§ **DATA RECORDS**:
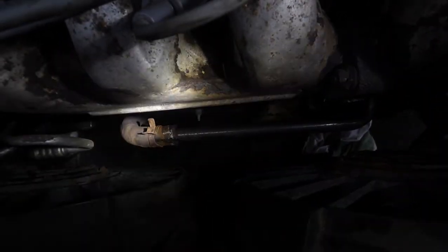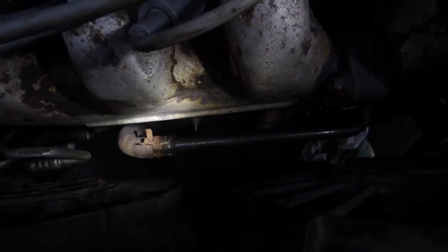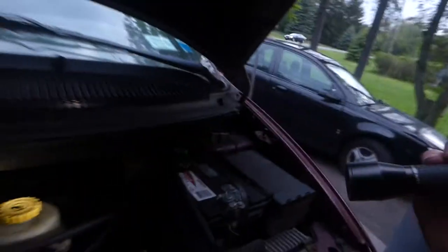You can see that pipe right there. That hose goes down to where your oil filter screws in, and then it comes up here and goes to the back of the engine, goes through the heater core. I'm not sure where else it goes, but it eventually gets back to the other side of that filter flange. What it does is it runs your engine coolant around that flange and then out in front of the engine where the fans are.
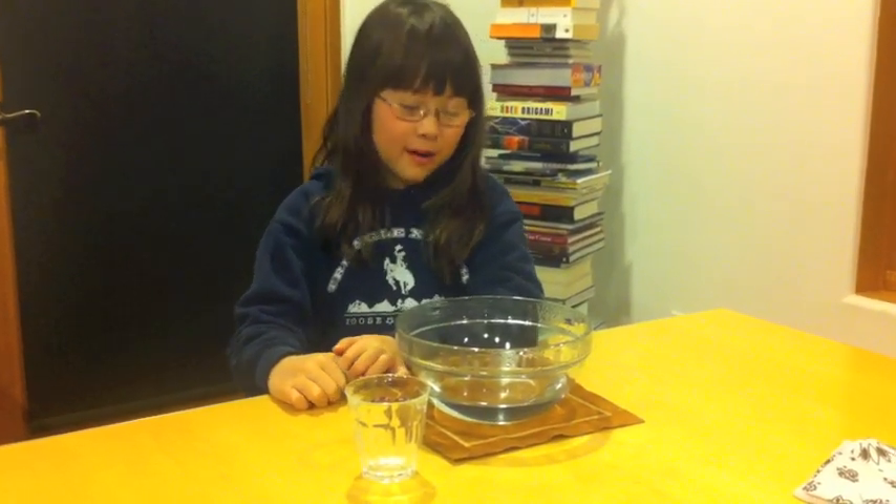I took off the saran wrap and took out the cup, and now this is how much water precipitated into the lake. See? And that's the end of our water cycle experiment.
...
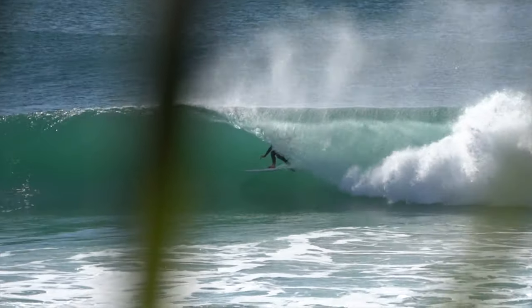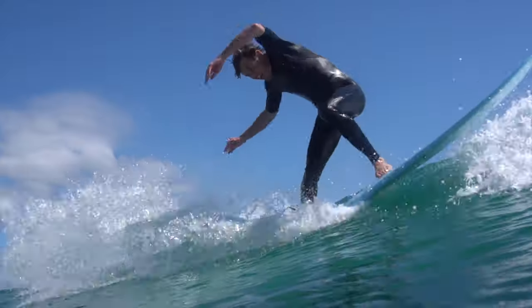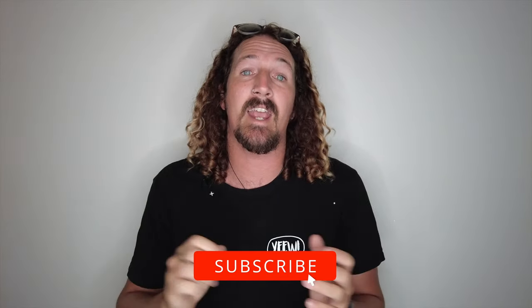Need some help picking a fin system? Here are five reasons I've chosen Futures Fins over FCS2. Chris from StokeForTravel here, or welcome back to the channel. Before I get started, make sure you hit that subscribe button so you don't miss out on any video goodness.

§ **WHAT THE TASK REQUIRES**: In the material above, the stretch from the line with "You can see" through the line with "I took off the" is to be given again exactly, minus the pictures.

§ **WRITTEN SOLUTION**:
You can see that pipe right there. That hose goes down to where your oil filter screws in, and then it comes up here and goes to the back of the engine, goes through the heater core. I'm not sure where else it goes, but it eventually gets back to the other side of that filter flange. What it does is it runs your engine coolant around that flange and then out in front of the engine where the fans are.
I took off the saran wrap and took out the cup, and now this is how much water precipitated into the lake. See? And that's the end of our water cycle experiment.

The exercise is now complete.